6. Christ with Us

Then we reflect on Christ with us:

We then have Christ in time as the ordering principle of the Universe, the dynamic task of holding this entire evolutionary project, with all its fits and starts, dead-ends and accidents, on course. We’ve called it “Christ among us.” This is where we find Jesus as the Christ – God’s manifestation, the human face of God – among first century Jews in Roman-occupied Palestine. Jesus reminds them – and us – that the “normalcy of civilization” as most societies define it – with its focus on personal wealth, status and power – is not quite the concrete actualization of God’s infinite potential that God has in mind. Jesus offers a means to re-order societies in line with God’s Dream for humanity and for the Universe. “Resurrection” is our way to capture the fact that this Jesus, as the Christ, is somehow still with us, and that we constitute the “Mystical Body of Christ.” This is where we are called to act: to be open to the Spirit, to listen, and to respond as best we can to ensure that evolution continues toward the fulfillment of the Universe. Some have called this “the Christ Project,” to emphasize that we play a key role in this unfolding – we are not mere passive observers.

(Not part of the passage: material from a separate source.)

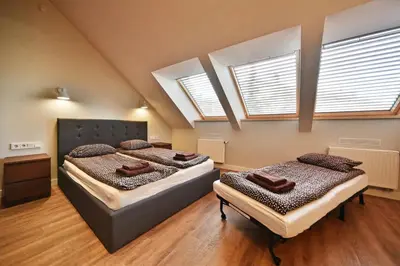 two beds in a room with two windows at Domillion New modern Vilnius old town studio U2302 in Vilnius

This growing awareness of Christ with us is, I believe, at the heart of the Pentecost experience, and is what gave the first disciples their courage to continue Jesus’ mission. Paul will speak of the mystical “Body of Christ,” of which we are all members, with the unifying principle of the Christ as its head, holding it together, moving it forward, and providing ultimate meaning for all human effort.


In what ways can you see Jesus as the “human face of God”? In what ways can you see yourself as the human face of God? In what ways do you see others as the human face of God? Some theologians are speaking of the “Christ Project.” They refer to our fundamental task as humans as contributing to the building of the Christ – i.e., the fulfilment of God’s Dream to be fully present in all things. What might your contribution to the Christ Project be? What feelings does this approach evoke in you?